Par ailleurs, les scènes d'action sont très impressionnantes et superbement réalisées. Le film est de manière général très silencieux, ce qui casse avec les images, parfois très violentes, affichées à l'écran.
Une imploration de 2h36
Si tout est très beau, magnifiquement mis en scène, avec plusieurs niveaux de lectures et une richesse certaine, rien n'y fait... Pendant 2h36, on occulte tout le film pour ne voir que Leo, implorant l'Académie de lui donner un Oscar et faisant tout pour convaincre les spectateurs qu'il le mérite amplement.
De la préparation de son rôle à l'incarnation de son personnage dans le film, tout est prétexte à la performance extrême, ce qui donne une désagréable impression de surrenchère. McConaughey a perdu 20 kilos pour Dallas Buyers Club, Eddie Redmayne a "reconfiguré son corps" avec un chorégraphe pour incarner Stephen Hawking, et Leo ne coupe pas à la règle du "performance physique extrême = oscar".

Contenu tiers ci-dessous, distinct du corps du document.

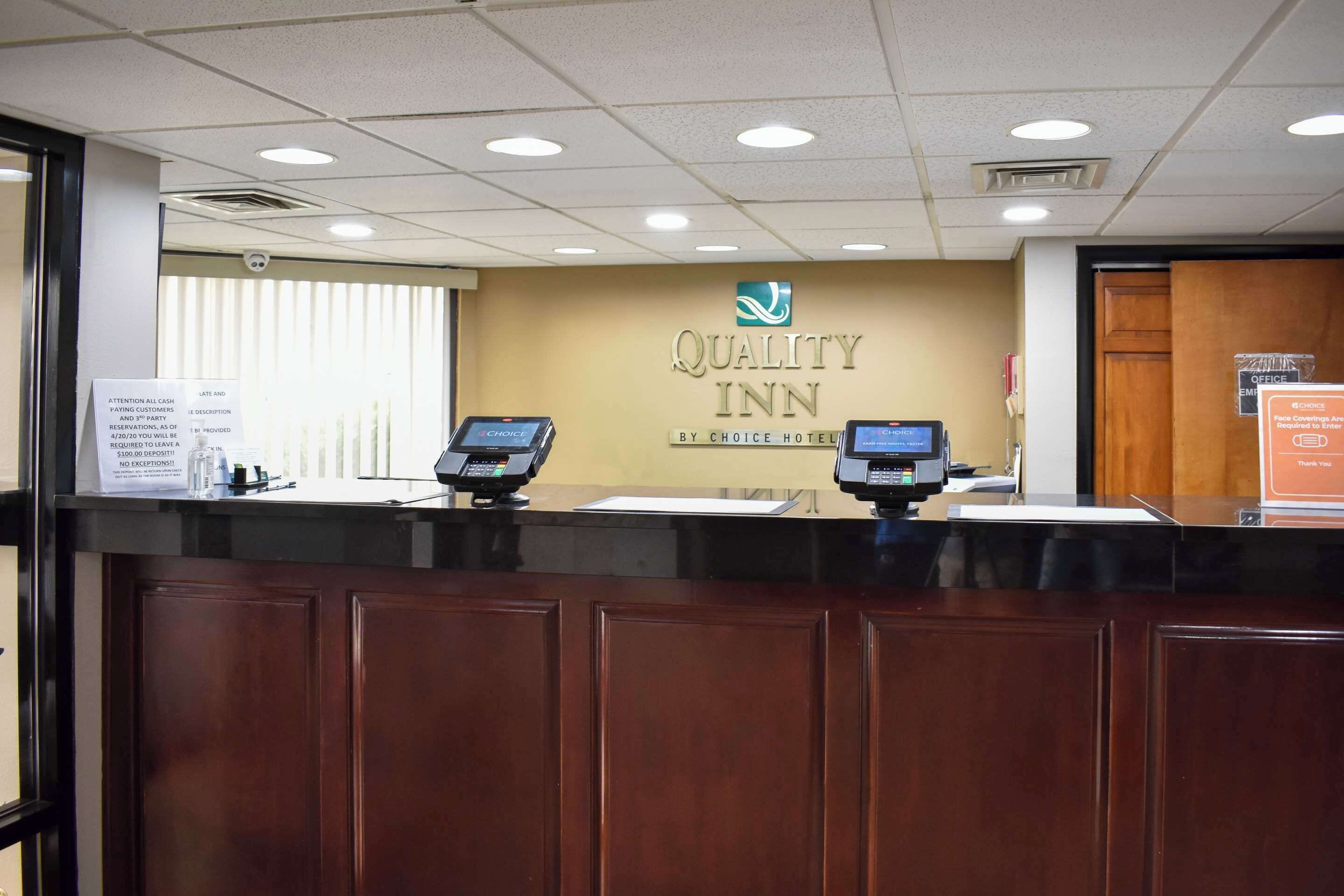 En receptionsdisk på Quality Inn med en logotyp, två datorstationer och en skylt som visar var kontorsområdet ligger.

Ainsi l'ami Leo a appris à parler indien, a dormi dans une carcasse d'animal, a mangé du bison cru, a souffert d'hypothermie...

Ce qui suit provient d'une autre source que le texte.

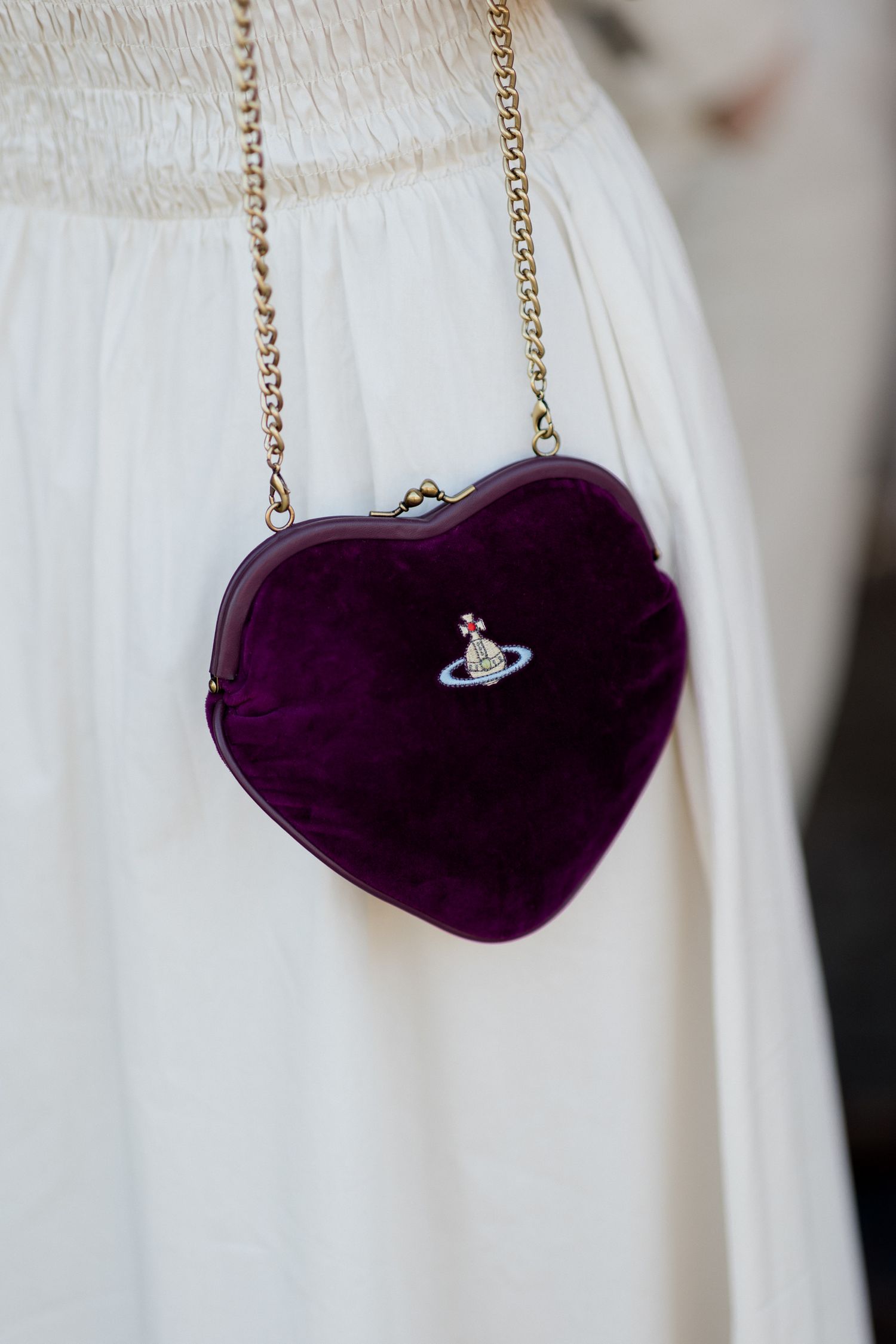 Purple velvet heart-shaped purse with gold chain strap against white fabric background. Loire valley wedding photographer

Son personnage est probablement le mec le plus malchanceux du monde : il se fait défoncer par un ours, est laissé pour mort, il a perdu sa femme, son fils se fait assassiner sous ses yeux, il est poursuivi par des indiens, il tombe d'une falaise... Bref à la fin c'est n'importe quoi et on attend à tout moment qu'il glisse sur une plaque de verglas et se casse le cou tellement la malchance est de son côté.
Mais le plus intéressant est qu'après avoir survécu à ses blessures, il rampe un long moment pour se déplacer, ses jambes n'étant pas encore dans un superbe état. La symbolique est forte. Leo se met à terre et rampe littéralement aux pieds des spectateurs et de l'Académie, en hurlant, comme s'il implorait désespérément le monde entier de lui donner son Oscar.
Cette longue quête de vengeance à travers une Amérique sauvage et dangereuse s'apparente donc plus à une accumulation d'épreuves, que Leo affronte dans la douleur, cherchant ainsi à prouver qu'il est le seul à mériter l'Oscar cette année, et qu'il a tout fait pour l'obtenir.
Comme le personnage qu'il interpréte, Leo a survécu à tout, n'a plus rien à prouver, a tout enduré pour atteindre son objectif. Et c'est cela que l'on retient vraiment de The Revenant.
Conclusion
Pour le film, ce n'est clairement pas la claque annoncée, malgré ses énormes qualités et son duo Leo DiCaprio/Tom Hardy au top. Vite vu, vite oublié.
Iñárritu s'est contenté de transformer la statuette en soif de vengeance, Hollywood en Amérique sauvage et impitoyable (le parralèle est cocasse, il faut l'avouer), et a finalement romancé le désir fulgurant de Leo d'avoir sa récompense. Et quoi de mieux pour faire cela qu'une longue plainte de 2h36 poussant les acteurs à la performance extrême, utilisant tous les codes des "films à Oscar" ?
Note finale : 7/10
Pour ce qui est de Leo, je suis partagé. Evidemment ravi qu'il ait enfin réussi à avoir son Oscar, amplement mérité vu son talent pour interpréter des personnages très différents. Mais un peu triste que cela se fasse dans ces conditions. Il reste un certain goût amer après la cérémonie... Comme si la pression populaire et les supplications de Leo avaient réussis à faire plier l'Académie.
Maintenant que la vague est passée, je sais que Leo aura une nouvelle chance de montrer au monde l'étendu de son talent, et je souhaite sincèrement que l'Académie le récompense pour cela.